Provided records START
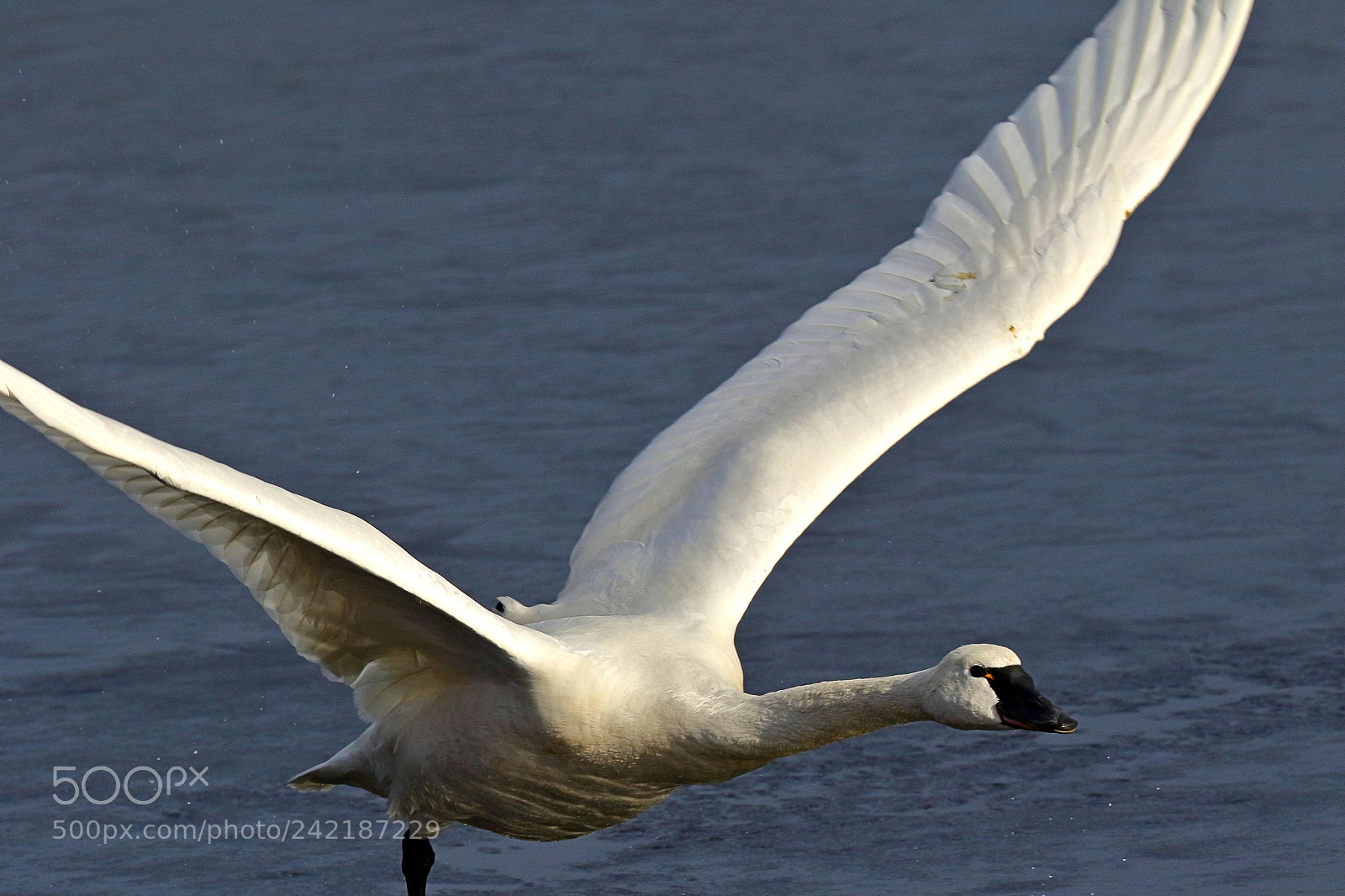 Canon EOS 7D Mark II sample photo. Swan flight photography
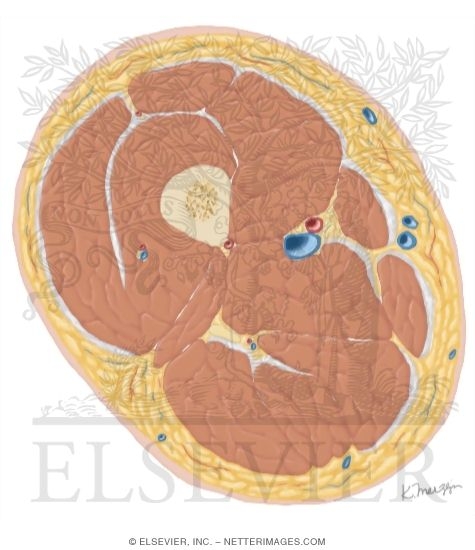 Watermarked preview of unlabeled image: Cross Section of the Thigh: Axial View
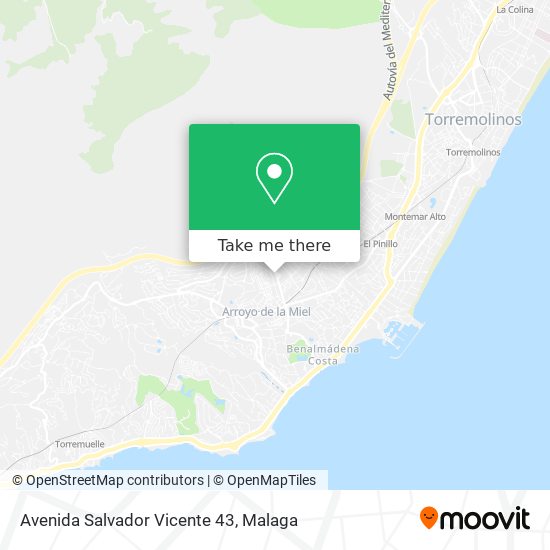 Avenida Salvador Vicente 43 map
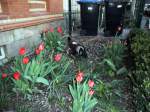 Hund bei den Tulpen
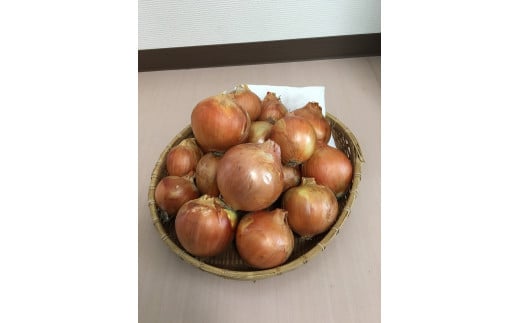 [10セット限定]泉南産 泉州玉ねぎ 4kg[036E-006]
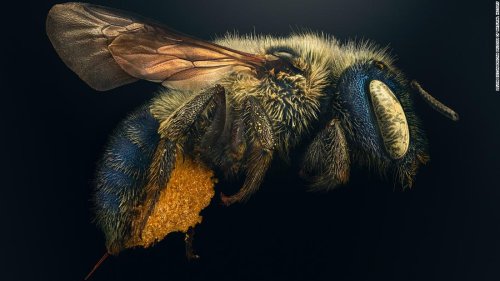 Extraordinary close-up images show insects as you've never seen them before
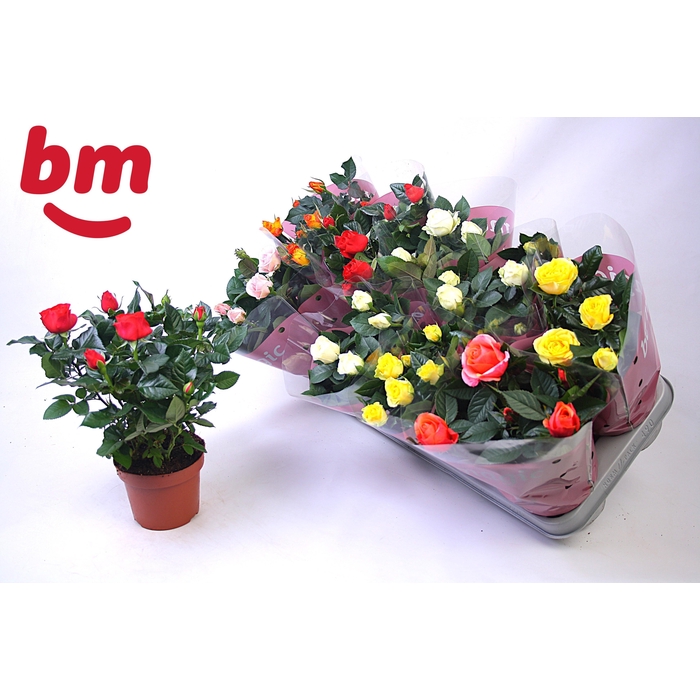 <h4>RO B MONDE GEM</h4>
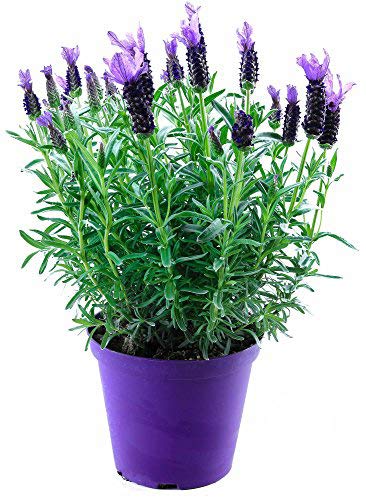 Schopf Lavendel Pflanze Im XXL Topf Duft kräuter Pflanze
Provided records END
Provided records START
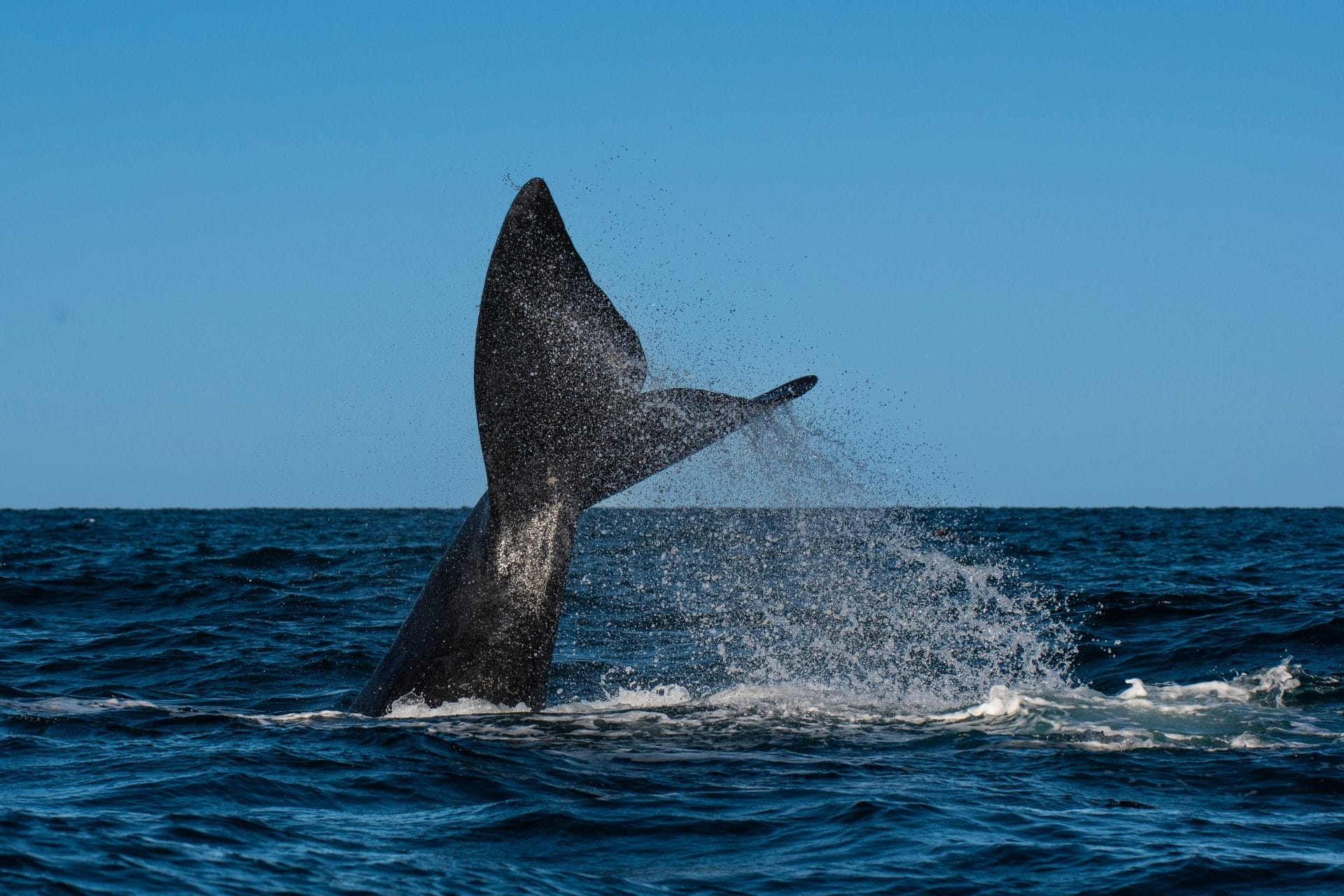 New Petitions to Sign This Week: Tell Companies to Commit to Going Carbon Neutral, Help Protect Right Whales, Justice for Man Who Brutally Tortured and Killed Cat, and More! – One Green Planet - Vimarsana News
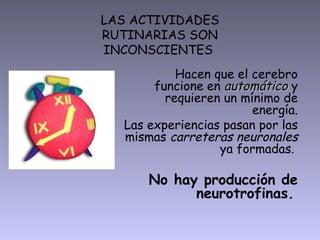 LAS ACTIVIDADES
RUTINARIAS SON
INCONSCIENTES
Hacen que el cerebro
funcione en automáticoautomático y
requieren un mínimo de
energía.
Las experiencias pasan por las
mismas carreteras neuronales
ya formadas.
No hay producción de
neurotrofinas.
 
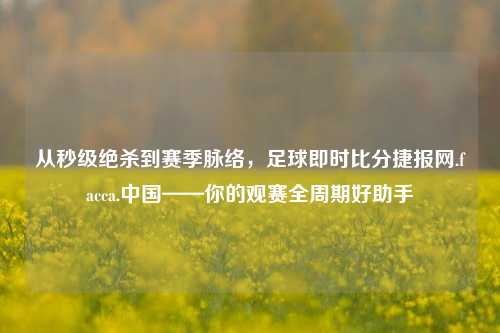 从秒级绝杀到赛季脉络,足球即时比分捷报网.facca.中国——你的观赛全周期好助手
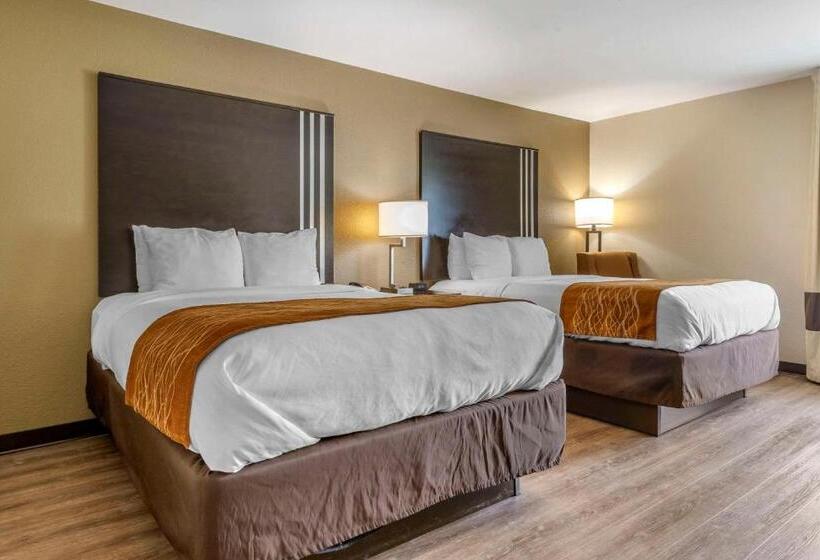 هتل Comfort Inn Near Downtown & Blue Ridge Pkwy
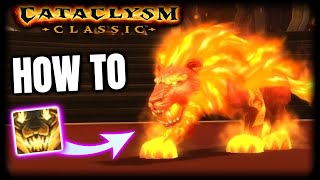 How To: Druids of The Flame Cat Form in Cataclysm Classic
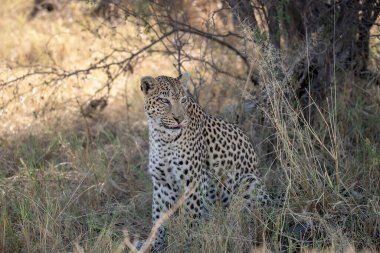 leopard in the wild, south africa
Provided records END
All that should be printed is the run of lines above from the one with "Avenida Salvador Vicente 43 map" through the one with "Schopf Lavendel Pflanze", both included, exactly as given, with pictures left out.

 Avenida Salvador Vicente 43 map
 Hund bei den Tulpen
 [10セット限定]泉南産 泉州玉ねぎ 4kg[036E-006]
 Extraordinary close-up images show insects as you've never seen them before
 <h4>RO B MONDE GEM</h4>
 Schopf Lavendel Pflanze Im XXL Topf Duft kräuter Pflanze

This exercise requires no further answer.